Victor Stinner victor.stinner at haypocalc.com
Thu Jul 7 12:22:51 CEST 2011


Le 07/07/2011 03:16, Benjamin Peterson a écrit :
> 2011/7/6 Victor Stinner<victor.stinner at haypocalc.com>:
>> codecs.open() will be changed to reuse the builtin open() function
>> (TextIOWrapper).
> This doesn't strike me as particularly backwards compatible, since
> you've just enumerated the differences between StreamWriter/Reader and
> TextIOWrapper.
Which kind of differences are you thinking about? I only listed two 
attributes specific to StreamReaderWriter (.reader and .writer). You 
mean that these attributes are used? There are maybe other subtle 
differences between Stream* and TextIOWrapper, but I don't think that 
anyone relies on them.
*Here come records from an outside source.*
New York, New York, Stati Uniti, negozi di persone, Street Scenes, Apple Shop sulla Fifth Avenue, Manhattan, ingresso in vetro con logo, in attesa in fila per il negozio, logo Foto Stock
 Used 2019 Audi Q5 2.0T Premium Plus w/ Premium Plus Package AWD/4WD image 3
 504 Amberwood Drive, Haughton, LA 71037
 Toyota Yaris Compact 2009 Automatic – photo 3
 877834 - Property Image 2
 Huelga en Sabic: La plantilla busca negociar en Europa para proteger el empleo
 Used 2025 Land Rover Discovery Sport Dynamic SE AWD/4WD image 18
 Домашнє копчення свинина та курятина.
Should I try to list all differences in the PEP?

If I understood correctly the previous discussion, an important point is 
to be able to write code Python 2 which "just works" on Python 3 without 
using 2to3. If you don't rely on the subtle implementation details of 
Stream*, it's possible (to use codecs.open in Python 3, even if 
codecs.open is implemented to reuse TextIOWrapper via open). If you rely 
on the differences, I bet that it is easy to not use these differences 
(and continue to be compatible with Python 2). For example, you can 
replace f.reader.read() by f.read(), it's just the same.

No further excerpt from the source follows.